Poet Ed Roberson is the second 2011-2012 Eminent Writer in Residence in the University of Wyoming MFA Program in Creative Writing. He comes to campus Sept. 10.

A reception for Roberson, the Distinguished Artist in Residence at Northwestern University, is at 5 p.m. Monday, Sept. 19, in the UW Art Museum. He will read from his works at 5:30 p.m. and sign books afterward. The event is free and open to the public. Roberson also will give a reading in Jackson, sponsored by the Teton County Public Library, Friday, Sept. 16.

During his two-week UW residency, Roberson will visit university classes, consult on manuscripts with graduate creative writing students and discuss writing careers with a wide range of campus members. Roberson's residency will be followed in February by nonfiction writer John D'Agata. Previous Eminent Writers in Residence include Edward P. Jones, Claudia Rankine, Joy Williams and others.
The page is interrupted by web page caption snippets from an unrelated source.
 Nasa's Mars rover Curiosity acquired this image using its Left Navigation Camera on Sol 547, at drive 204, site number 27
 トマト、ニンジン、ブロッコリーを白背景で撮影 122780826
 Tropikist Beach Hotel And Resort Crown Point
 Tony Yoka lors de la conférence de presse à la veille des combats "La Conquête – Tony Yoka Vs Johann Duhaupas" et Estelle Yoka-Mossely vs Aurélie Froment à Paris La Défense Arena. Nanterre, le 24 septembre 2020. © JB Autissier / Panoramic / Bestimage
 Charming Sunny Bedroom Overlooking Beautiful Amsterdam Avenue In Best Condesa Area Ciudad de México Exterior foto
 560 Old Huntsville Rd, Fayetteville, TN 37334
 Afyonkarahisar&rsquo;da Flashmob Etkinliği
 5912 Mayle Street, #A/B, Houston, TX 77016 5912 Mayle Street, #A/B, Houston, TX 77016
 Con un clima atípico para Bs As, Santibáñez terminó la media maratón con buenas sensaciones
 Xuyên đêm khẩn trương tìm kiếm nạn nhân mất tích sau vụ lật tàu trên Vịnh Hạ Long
Roberson received the Lila Wallace Writers' Award and the 2008 Shelley Memorial Award from the Poetry Society of America. He also is the acclaimed author of eight books of poetry, including "Voices Cast Out to Talk Us In" (1995), winner of the Iowa Poetry Prize, and "To See the Earth Before the End of the World," Roberson's most recent collection that was published last fall. His poetry also has been anthologized in "The Best American Poetry 2004" and "Primary Trouble: an Anthology of Contemporary American Poetry" (1996).

Roberson has worked throughout the world, including Alaska, Afognak Island, Bermuda, the Peruvian and Ecuadorian Andes, Mexico, Nigeria, West Africa, the Caribbean and the Amazon jungle. Such travels inspire poems that, according to Reginald Gibbons, encompass "startling and just metaphors" and "acrobatic leaps and counter-leaps of thought."

"Ed Roberson is in a school of precisely one. His work is utterly unique, challenging, deeply serious and richly musical," says UW Associate Professor Kate Northrop. "As is the case when one encounters excellent work, I find myself unsure how to respond, how to go about my daily life, after reading his poems. I'm stunned by them."